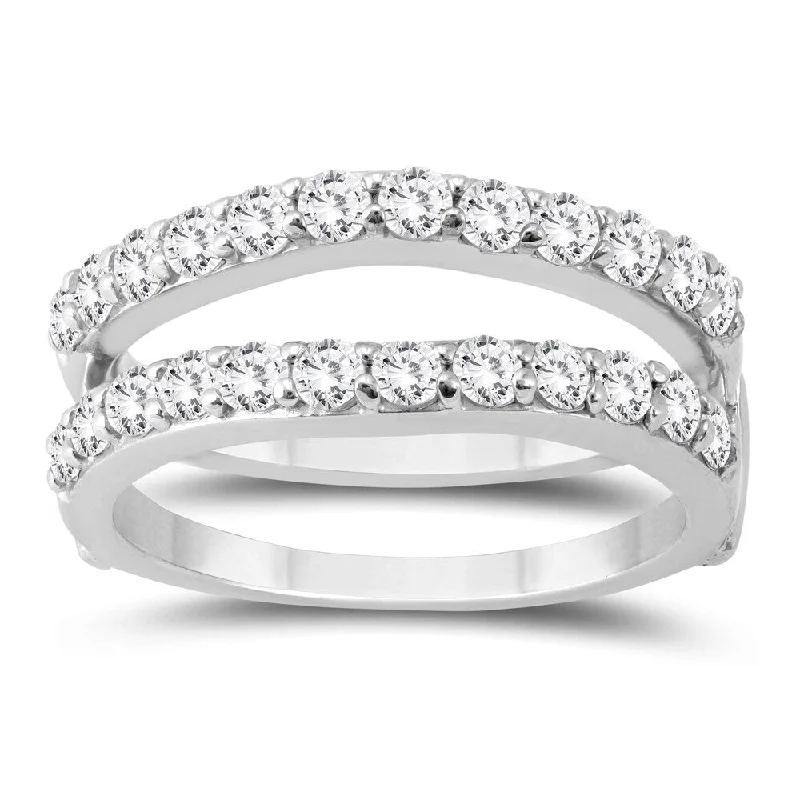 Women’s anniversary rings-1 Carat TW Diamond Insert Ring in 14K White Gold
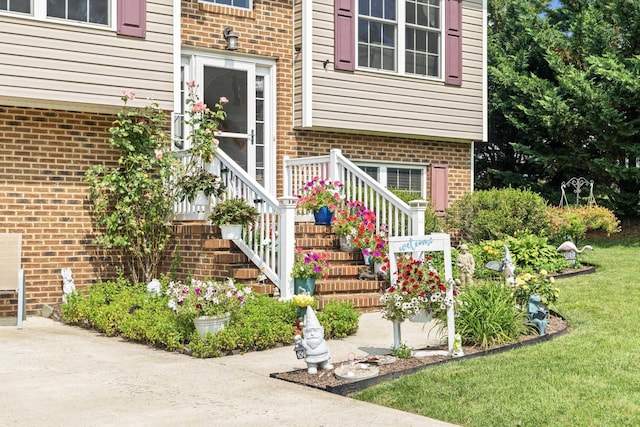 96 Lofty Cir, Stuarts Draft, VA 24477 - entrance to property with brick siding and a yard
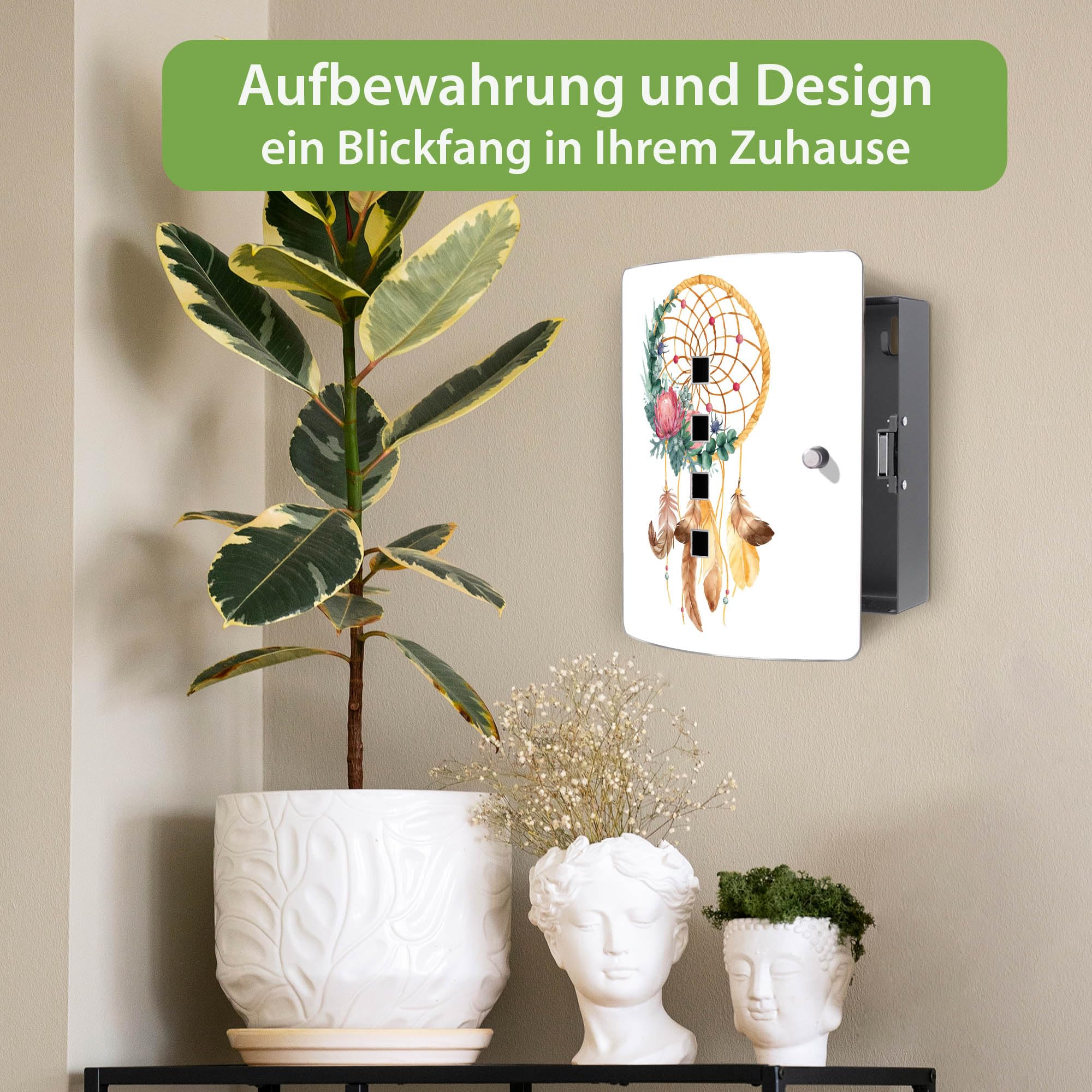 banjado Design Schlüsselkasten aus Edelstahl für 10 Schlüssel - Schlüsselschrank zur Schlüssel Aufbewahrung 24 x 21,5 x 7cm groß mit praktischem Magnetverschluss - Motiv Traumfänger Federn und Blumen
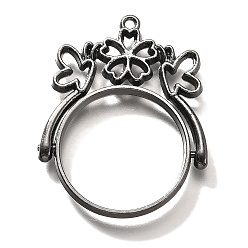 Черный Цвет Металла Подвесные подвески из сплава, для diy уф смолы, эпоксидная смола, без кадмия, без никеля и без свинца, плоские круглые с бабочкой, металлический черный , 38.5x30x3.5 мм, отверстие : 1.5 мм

#### Instructions for the task:
Output the material verbatim, skipping the images.

#### Output of the task:
 Women’s anniversary rings-1 Carat TW Diamond Insert Ring in 14K White Gold
 96 Lofty Cir, Stuarts Draft, VA 24477 - entrance to property with brick siding and a yard
 banjado Design Schlüsselkasten aus Edelstahl für 10 Schlüssel - Schlüsselschrank zur Schlüssel Aufbewahrung 24 x 21,5 x 7cm groß mit praktischem Magnetverschluss - Motiv Traumfänger Federn und Blumen
 Черный Цвет Металла Подвесные подвески из сплава, для diy уф смолы, эпоксидная смола, без кадмия, без никеля и без свинца, плоские круглые с бабочкой, металлический черный , 38.5x30x3.5 мм, отверстие : 1.5 мм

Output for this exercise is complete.